In the entries that follow, repeat exactly the lines from the one that has "Buzzanca Baroque South" through the one that has "Ochranné boční lišty", but omit pictures.

** Data section **
=-=-=
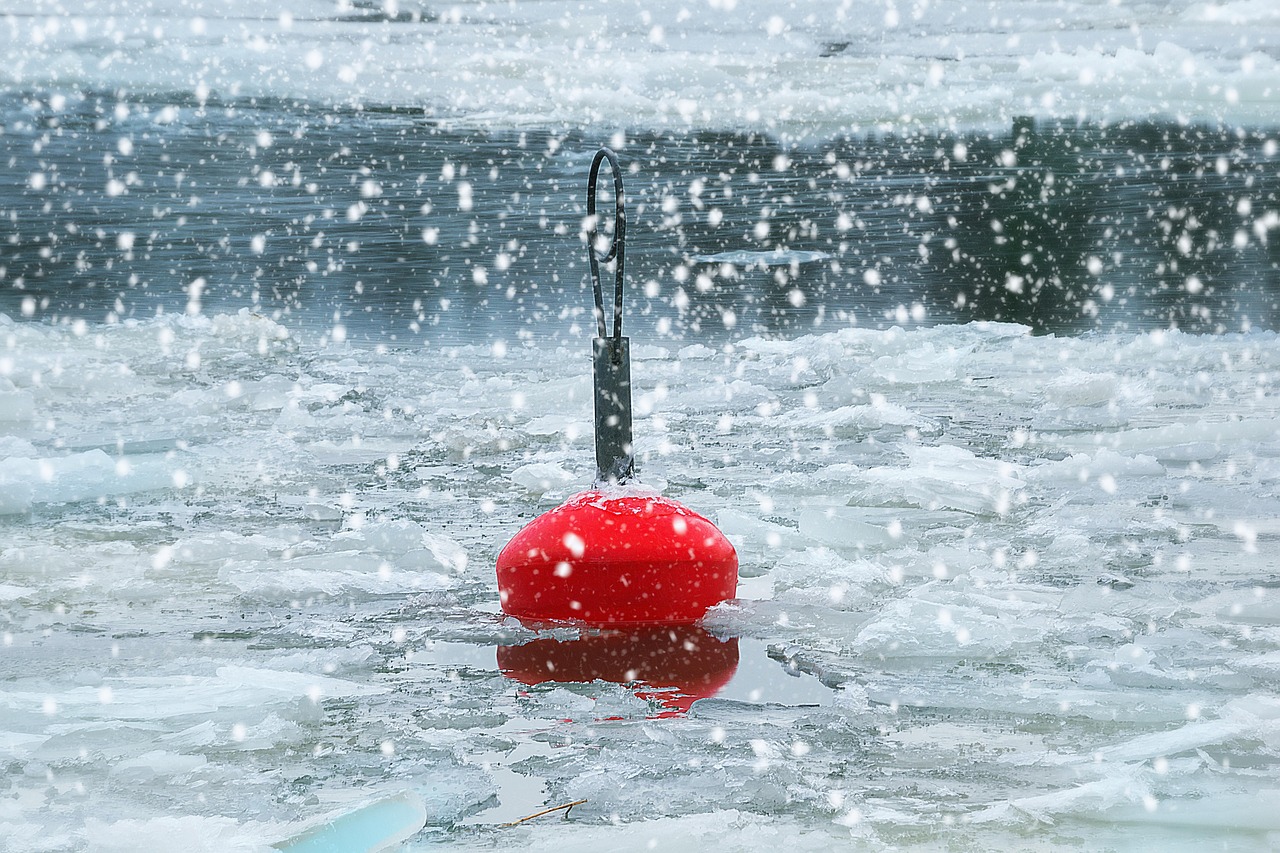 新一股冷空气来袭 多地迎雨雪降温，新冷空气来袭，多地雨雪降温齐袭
=-=-=
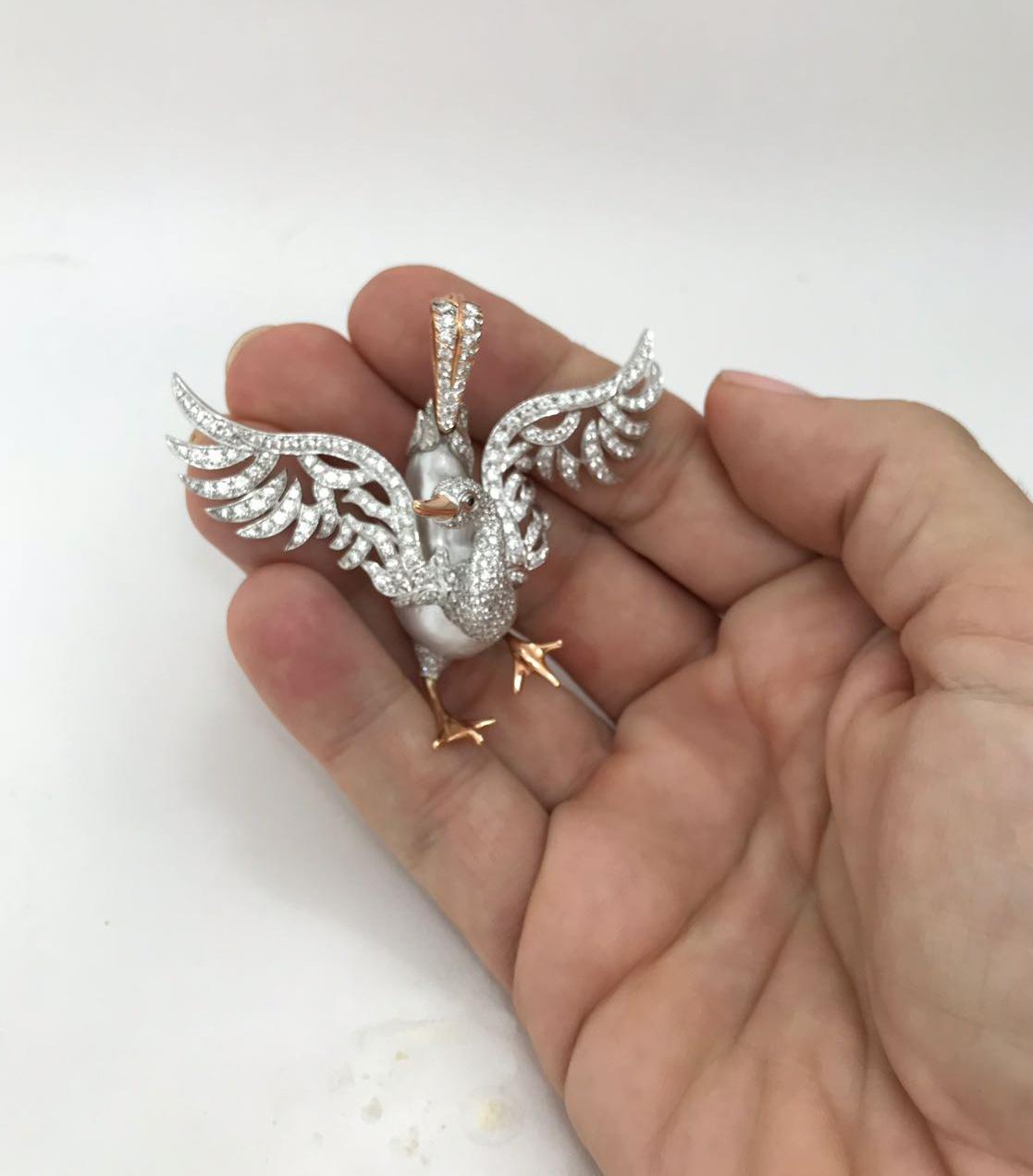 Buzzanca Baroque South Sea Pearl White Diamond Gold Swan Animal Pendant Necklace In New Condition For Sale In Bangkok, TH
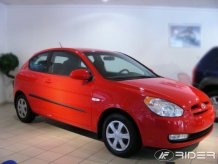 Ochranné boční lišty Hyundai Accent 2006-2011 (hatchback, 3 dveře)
=-=-=
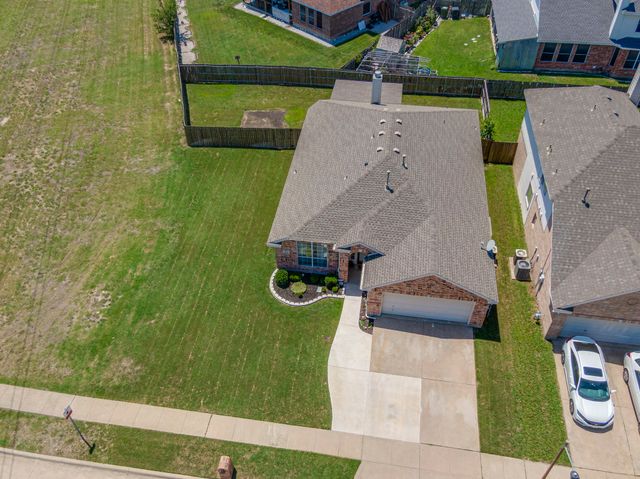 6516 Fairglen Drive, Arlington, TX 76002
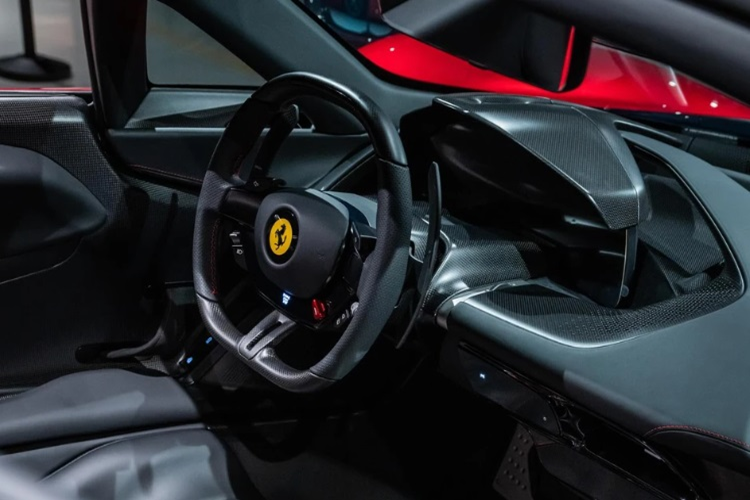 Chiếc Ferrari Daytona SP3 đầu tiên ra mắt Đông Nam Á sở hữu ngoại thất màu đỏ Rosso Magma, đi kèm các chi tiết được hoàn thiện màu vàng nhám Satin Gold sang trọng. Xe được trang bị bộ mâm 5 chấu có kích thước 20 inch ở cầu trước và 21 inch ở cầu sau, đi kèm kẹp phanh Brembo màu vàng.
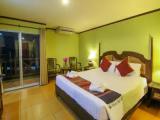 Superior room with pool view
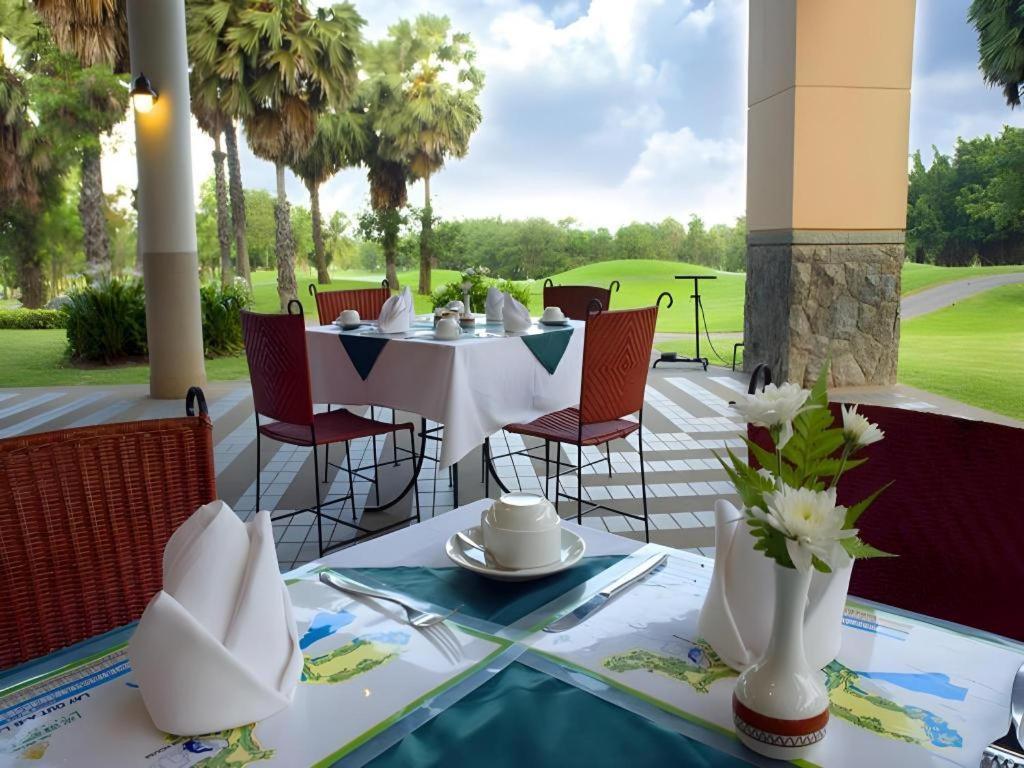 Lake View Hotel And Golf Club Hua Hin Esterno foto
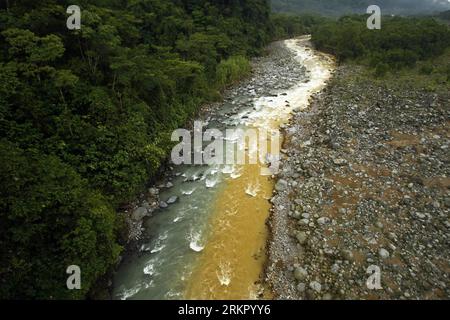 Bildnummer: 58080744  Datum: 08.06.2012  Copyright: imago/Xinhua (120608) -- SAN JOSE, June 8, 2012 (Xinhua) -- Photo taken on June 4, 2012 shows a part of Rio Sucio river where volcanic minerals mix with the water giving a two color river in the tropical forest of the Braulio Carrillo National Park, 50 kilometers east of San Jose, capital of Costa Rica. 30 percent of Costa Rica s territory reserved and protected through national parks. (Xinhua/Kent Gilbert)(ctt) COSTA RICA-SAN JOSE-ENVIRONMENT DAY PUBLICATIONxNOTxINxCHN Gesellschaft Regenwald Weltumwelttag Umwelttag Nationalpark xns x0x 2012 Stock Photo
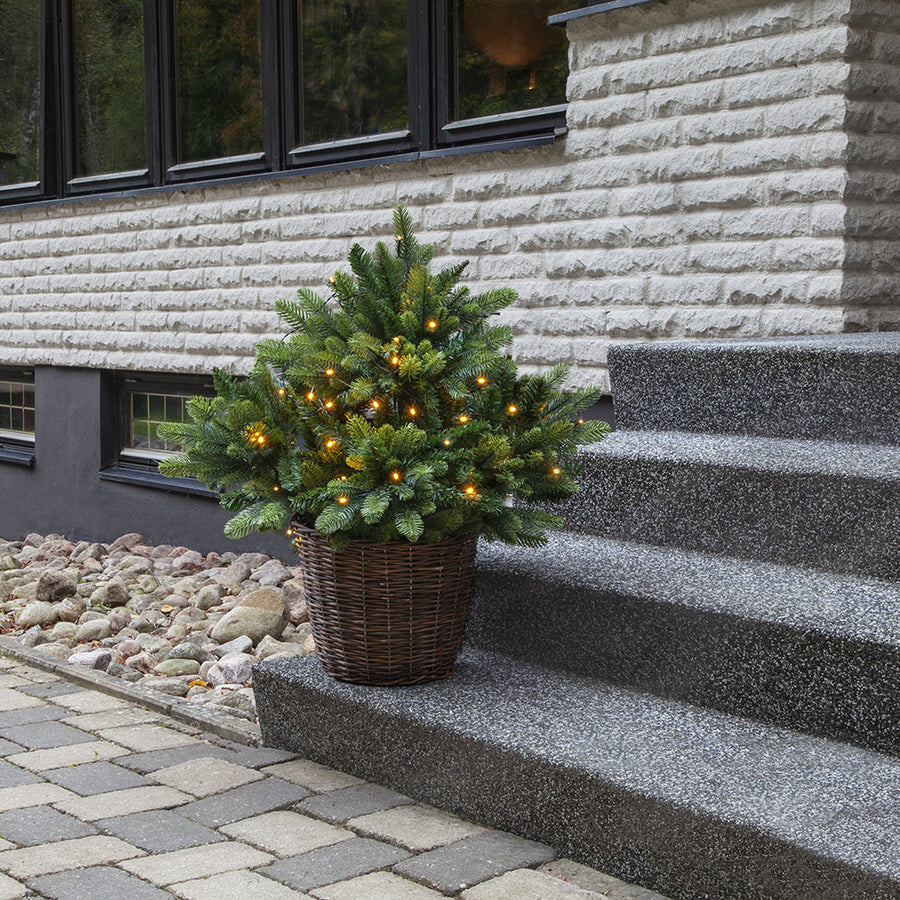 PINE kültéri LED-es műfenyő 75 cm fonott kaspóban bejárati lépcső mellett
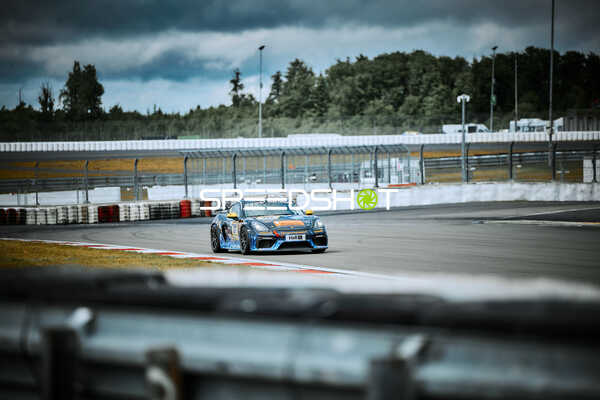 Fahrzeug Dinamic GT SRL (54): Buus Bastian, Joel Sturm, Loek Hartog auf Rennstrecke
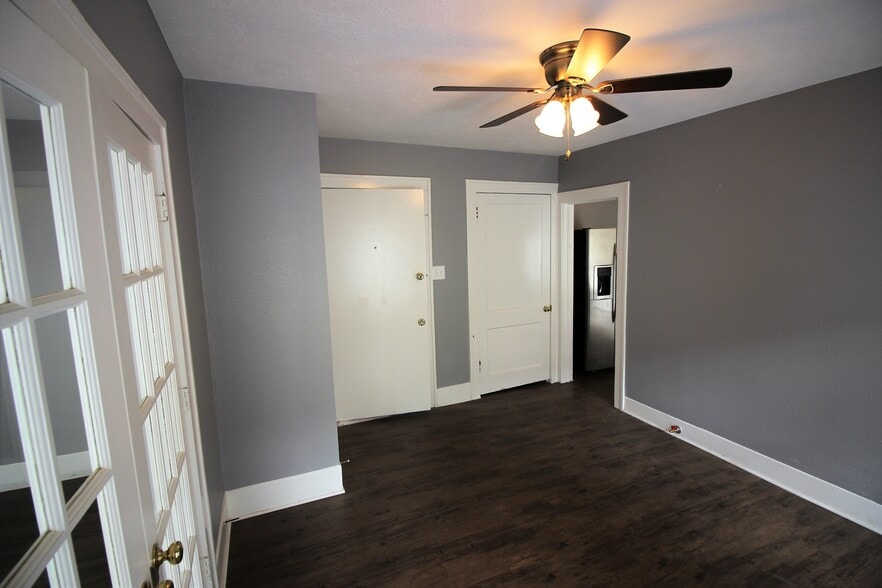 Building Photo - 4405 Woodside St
=-=-=
** Answer area **
 Buzzanca Baroque South Sea Pearl White Diamond Gold Swan Animal Pendant Necklace In New Condition For Sale In Bangkok, TH
 Ochranné boční lišty Hyundai Accent 2006-2011 (hatchback, 3 dveře)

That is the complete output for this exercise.